DATASET SECTION:
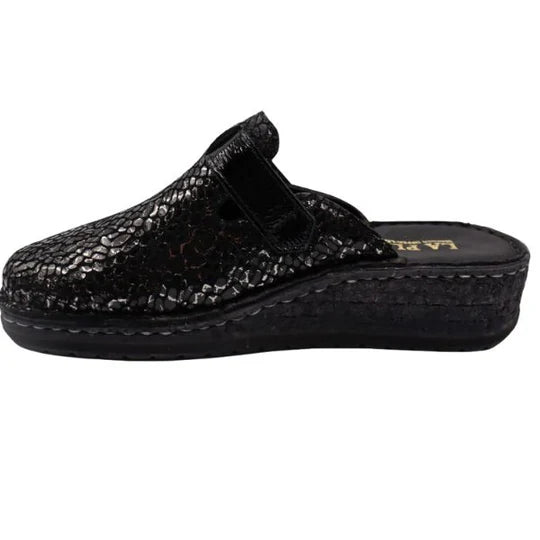 La Plume - Hava Woman's Slip-On Leather Comfort Sandal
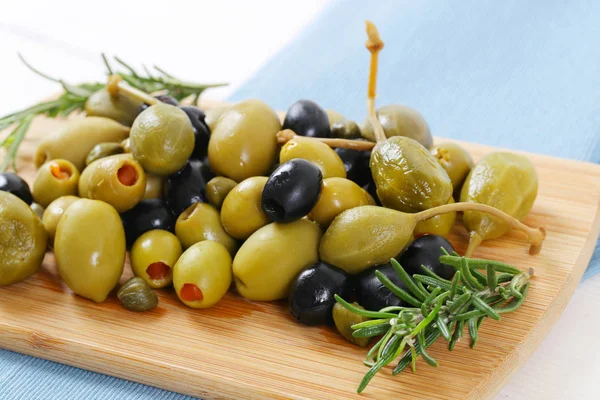 Olive verdi e nere con capperi e bacche di cappero — Foto Stock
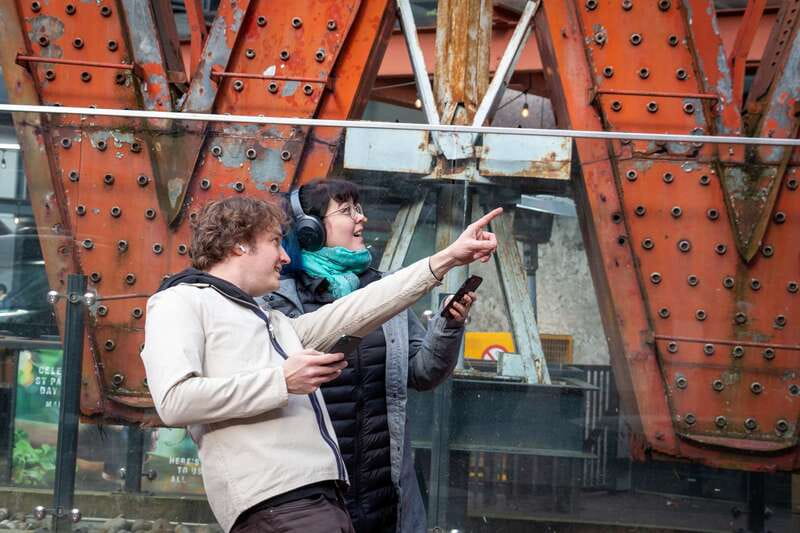 Vancouver: Self-Guided Smartphone Walking Tour of Gastown - Gastown’s Street-Level Route: History Meets Today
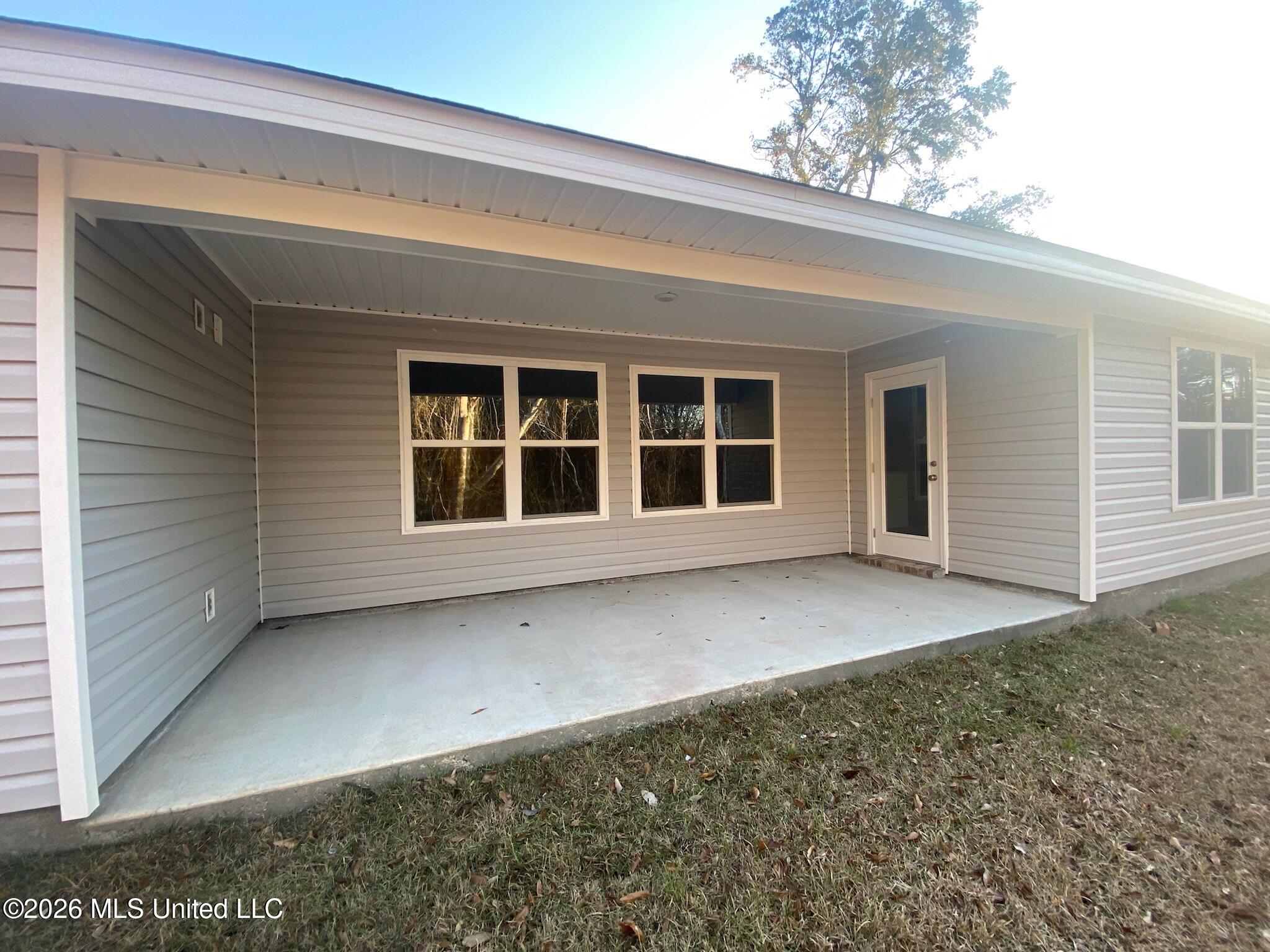 212 Hawthorne Drive Property Photo 19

TASK:
Please return all of the material above exactly, minus any pictures.

SOLUTION TO THIS TASK:
 La Plume - Hava Woman's Slip-On Leather Comfort Sandal
 Olive verdi e nere con capperi e bacche di cappero — Foto Stock
 Vancouver: Self-Guided Smartphone Walking Tour of Gastown - Gastown’s Street-Level Route: History Meets Today
 212 Hawthorne Drive Property Photo 19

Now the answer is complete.